● **Dataset content**
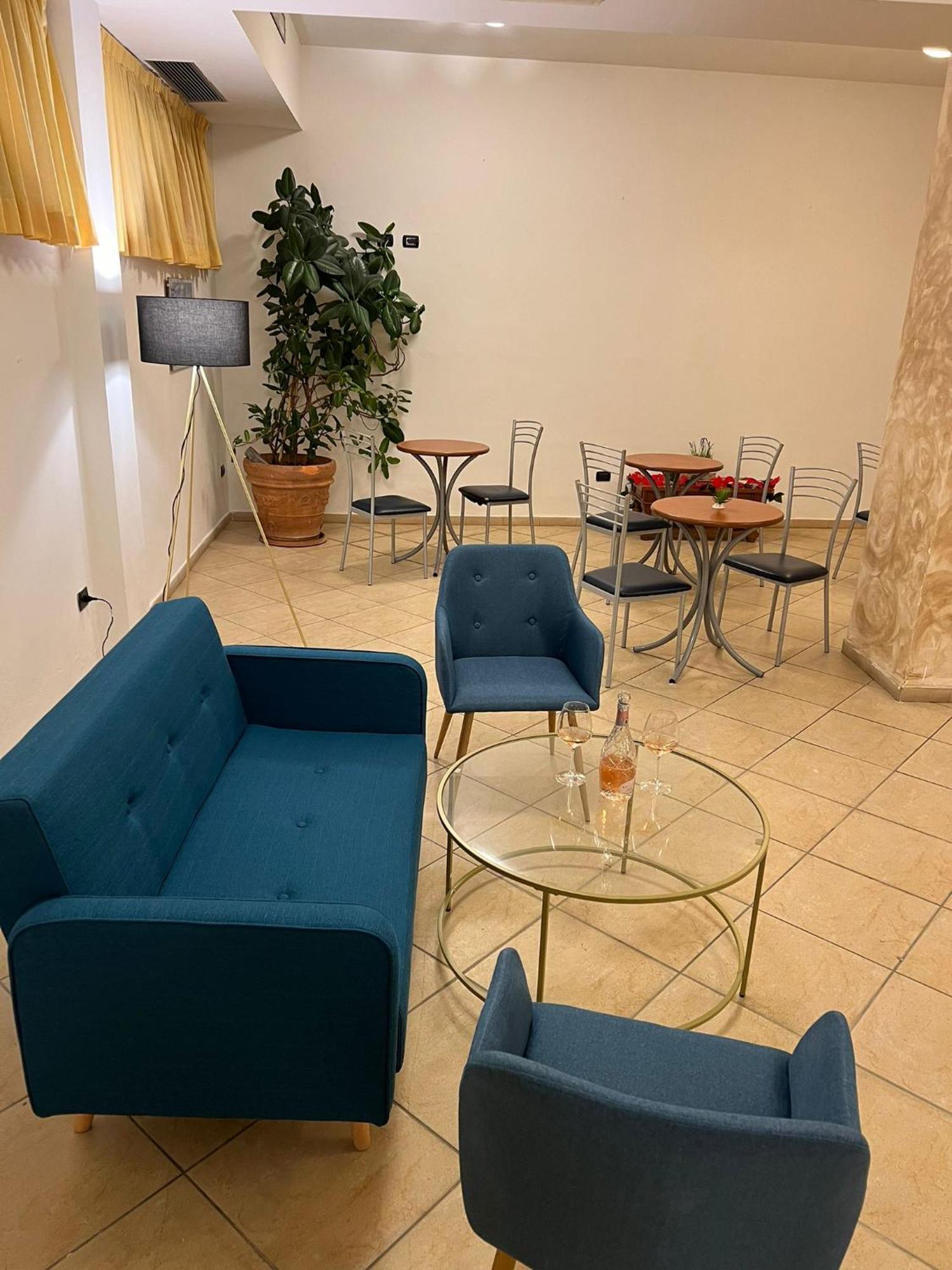 Hotel Vico Alto Siena Eksteriør bilde
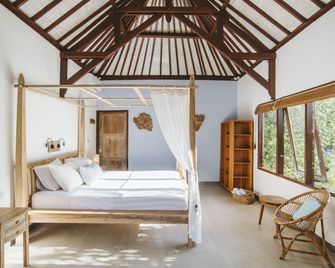 Karma Kayak - Pemenang - Bedroom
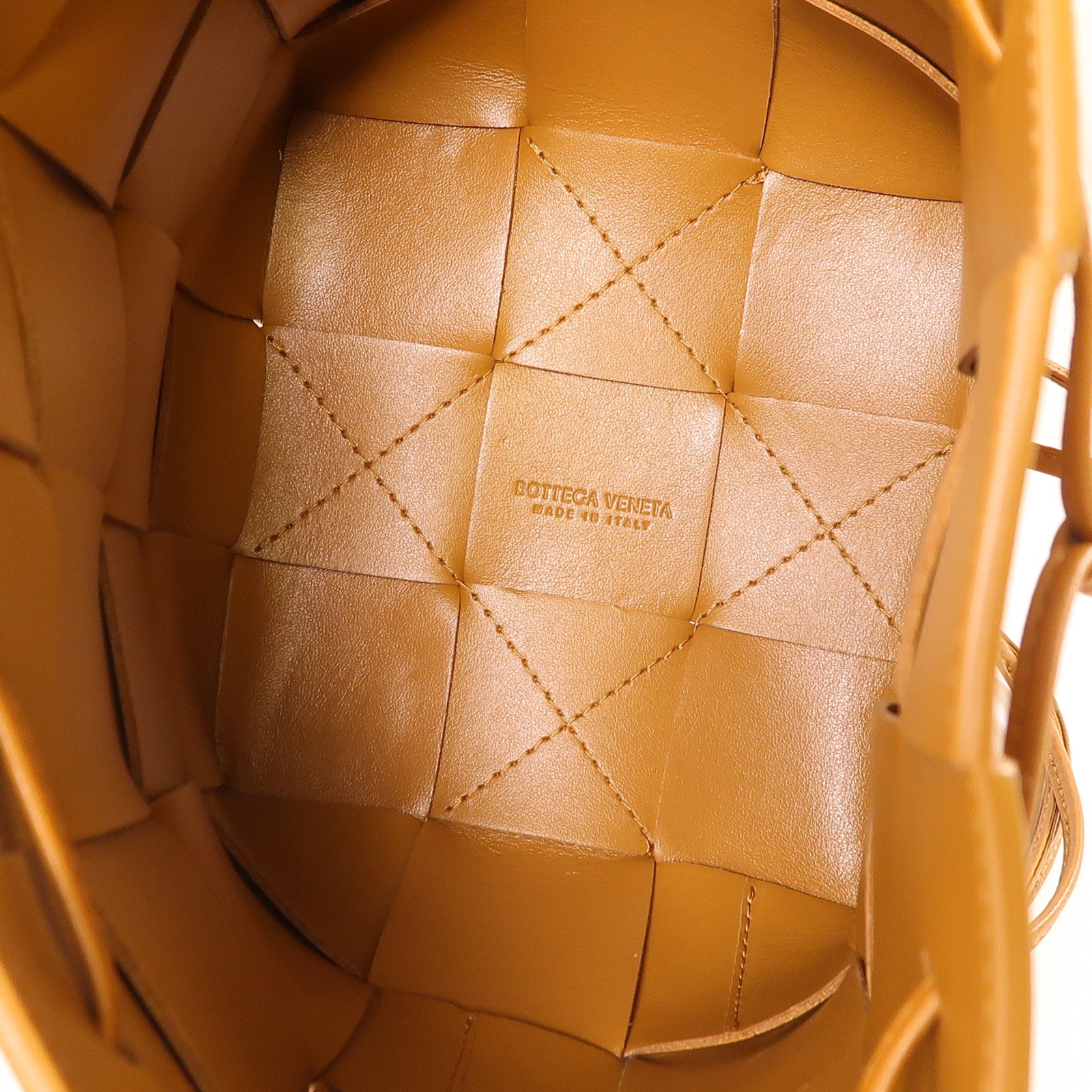 BOTTEGA VENETA 皮革Shoulder Bag肩背袋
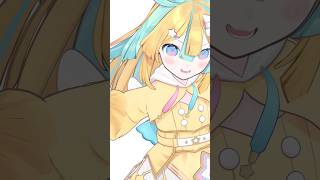 1度やってみたかったの #shorts #vtuber #天川はの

● **Assigned task**
Begin with the line holding "BOTTEGA VENETA 皮革Shoulder Bag肩背袋" and end with the last line of the listing. Reproduce each of those lines exactly, and leave every picture out.

● **Result of this exercise**
 BOTTEGA VENETA 皮革Shoulder Bag肩背袋
 1度やってみたかったの #shorts #vtuber #天川はの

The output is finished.